Sono le parole «un ritornello ormai vecchio visto che lo ripeto da anni» con cui Gianluca Bagnolini davanti alla spiaggia di Viserbella ha chiuso la conferenza stampa indetta dalla Fisascat-Cisl per denunciare un nuovo caso di lavoratori «costretti a lavorare anche 13 ore consecutivamente, senza giorno di riposo, cui non sono stati pagati gli stipendi o sono stati liquidati solo parzialmente».

Una denuncia lanciata a pochi metri di distanza dall’ingresso della struttura alberghiera oggetto della denuncia, l’hotel Brenta di via Porto Palos.

Le presunte vittime della nuova situazione di sfruttamento del lavoro stagionale in una struttura ricettiva, denunciata questa estate sempre dalla Fisascat, sarebbero sei: un uomo e cinque donne di cui due profughe ucraine arrivate a Rimini il 1 marzo scorso.

La testimonianza

«Ho lavorato al Brenta anche per 13 ore filate per quattro mesi con diverse mansioni: cameriera ai piani, aiuto cuoca – racconta Oksana –». Un impegno remunerato con uno stipendio di 1.200 euro fino all’ultima busta paga «che ad agosto è stata inspiegabilmente solo di 350 euro». Al Brenta oltre a lavorare da marzo ci viveva assieme al figlio «poi da un giorno all’altro il gestore ci ha chiuso la luce, il gas, l’acqua e sono stata costretta ad andare a vivere in affitto.

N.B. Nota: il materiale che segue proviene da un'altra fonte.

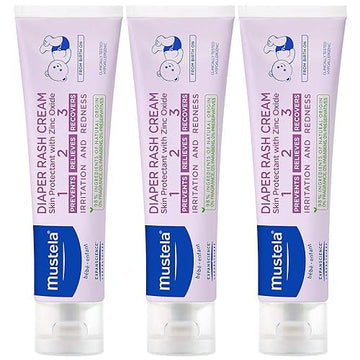 Mustela Baby Diaper Rash Cream 123 - Skin Protectant With Zinc Oxide - Fragrance Free & Paraben Free - With 98% Natural Ingredie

Cosa spero di poter ottenere adesso? Spero di poter avere i soldi che mi spettano e di trovare un altro lavoro».

Il sindacato

«Abbiamo aperto sei nuove vertenze – rimarca Bagnolini – e diciamo a chiunque lavori non solo all’hotel Brenta ma in una delle strutture gestite dalla stessa società, e si trova nella medesima situazione, di contattarci. Così come diciamo che devono raccontare come stanno davvero le cose quando vengono eseguiti i sopralluoghi dall’Ispettorato del lavoro, dai Carabinieri, dalla Guardia di finanza. All’autorità non si deve nascondere nulla. Il buon lavoro si difende facendo rispettare le regole e rifiutando proposte di lavoro non regolari».

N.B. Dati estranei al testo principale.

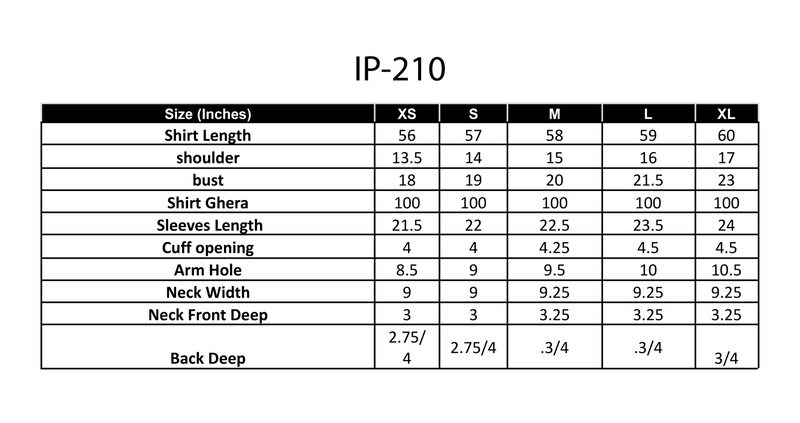IP-210 Caroline Size Chart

La certezza. I nomi dei protagonisti di questa ennesima vicenda di presunto lavoro sfruttato e sottopagato, sia di quelli che vestono i panni dei buoni sia di chi indossa quelli del cattivo, saranno sicuramente oggetto delle attenzioni della magistratura riminese. «Ai miei avvocati Francesco Pisciotti e Luca Caroni - dice Eugenio Barone gestore del Brenta - ho dato mandato perché mettano in atto tutte le azioni legali necessarie a tutelare la mia attività e la mia persona. Chi mi sta accusando ingiustamente ne pagherà le conseguenze. Contrariamente a loro che stanno parlando senza una prova, io ho tutti i documenti, le pezze d’appoggio, che smentiscono ogni loro affermazione». E spiega così il caso di Oksana la cuoca-cameriera. Lo fa mostrando la copia del documento firmato da lei e da tutti gli ospiti ucraini «compresi quelli che continuano a lavorare qui». Poche righe in cui si impegnavano a pagare la pigione (150 euro al mese per i bambini, 300 per gli adulti) non appena fossero arrivati i soldi stanziati dal Governo per dare un sostegno economico ai profughi. «Ecco perché - prosegue Barone - dopo averli ospitati gratis a marzo ed aprile, dai mesi successivi sapevano di dover pagare la pigione. Lo stipendio di agosto di Oksana è stato così leggero, perché era indietro con i pagamenti di due mesi. Posso anche dirle che il 27 giugno ultima data utile per saldare i propri debiti, il Brenta e l’hotel Fatima qua dietro si sono spopolati, e io non ho visto un solo centesimo». Barone teme la pubblicità negativa per la struttura, una delle quattro tra proprietà e gestioni a Rimini. Una quinta è a Lido di Camaiore. «Stranamente - evidenzia - tutta questa situazione è montata dopo che i ladri sono entrati in albergo e oltre a due cellulari, un computer, si sono portati via tutte le buste paga originali. Se pensavano di crearmi un problema non ci sono riusciti. Io ogni volta ne mando una copia al mio commercialista. Anche queste dimostreranno che io ho pagato sempre tutti gli stipendi».